Of course the Democrats and their allies in the mainstream news media think that an economic downturn is good news. They, of course, also think that more casualties in Iraq is good news and that higher gasoline prices are good news. What a pickle to be possessed of a philosophy that concludes that anything bad for America and its citizens is good news. If the US does go into a recession they will surely be dancing in the street!

How hard it is on these folks when the stock market heads upward, inflation stays down, there are fewer casualties in Iraq, and there is news of a new oil find in North Dakota.

Sadly, it’s all politics. It is bad politics that places power and control above what is best for your country. What a dismal outlook those on the left have.

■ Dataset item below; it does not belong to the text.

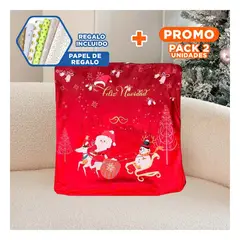 GENERICO - Pack2 Funda Cojin Lavable Santa con Trineo Y+Papel de Regalo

Will the economy suffer from a recession? Perhaps. Like life, the economy has its ups and downs. When you consider the fact that George Bush inherited an economy much worse than the one we have today (it was actually in the tank, even though you wouldn’t know it from press reports), today’s economy is amazingly robust. That’s true in spite of the fact that we had to recover from 9/11, Hurricane Katrina, and finance a costly war.

The key was the Bush tax cuts which the Democrats promise to let expire. Moreover, they pledge to add additional taxes on top of that. If we avoid sliding into a recession in 2008, but go ahead and elect an Obama or a Clinton to the White House (along with a Democratic Congress), Katy Bar the door! If you liked the economy of Jimmy Carter you’ll love the economy of either Obama or Clinton. Stay tuned.

Friday, April 4, 2008

Booing the President

Booing the President

Maybe I’m just old school, but it seems to me that there are lines that American citizens should not cross, and one of those lines is booing the President of the United States. Three years ago I attended opening day for the Washington Nationals Baseball Team. It was their very first game as the Washington Nationals and as a part of the celebration of this event; the President threw out the ceremonial first pitch. It’s an old, old tradition that began in 1910 when President William Howard Taft threw out the first pitch for the Washington Senators. From that day forward it became a tradition for the President of the United States to throw out the first pitch. 

It is, in my mind, a very nice tradition and until recent years the President, whoever he was, Republican or Democrat, received a nice round of applause for getting the grand old game off to a start. That’s why I was disappointed in 2005 when President Bush threw out the first pitch. While most fans gave him a nice round of applause, the boo birds were there. In fact, the couple I took to the game couldn’t see the President because a couple of protestors held up signs of protest when the President stepped on the field.

More recently when I attended opening day at the new Nationals ball park, there was more booing when the President stepped on the field.

Good grief, as Charlie Brown would say. It’s a baseball game for goodness sake! Are we becoming a banana republic where everything must be political? No matter how much you disagree with the current President, be he Republican or Democrat, conservative or liberal, doesn’t he or she deserve your respect?

As Paul says in Romans 13:7 in regard to government, "Give everyone what you owe him: If you owe taxes, pay taxes, if revenue, then revenue; if respect, then respect; if honor, then honor."
This doesn’t mean you have to surrender your freedom or you don’t have a right to disagree with the President on policies. I certainly disagree with the current President on a number of issues and I’m sure I’ll disagree with the next President on his or her policies. But I hope I will always give them respect and pray for their protection and wisdom in crisis.

Is America becoming such a coarse society that we no longer maintain a consensus of common decency and courtesy? As an American you have all sorts of freedoms. Nevertheless, there is a difference between what you can do (like booing the President) and what you should do. 

Next year when I go to out to opening day for the Nationals I plan on applauding the President who throws out the first pitch whether her name is Hillary or his name is Barak or John. It’s just the right thing to do.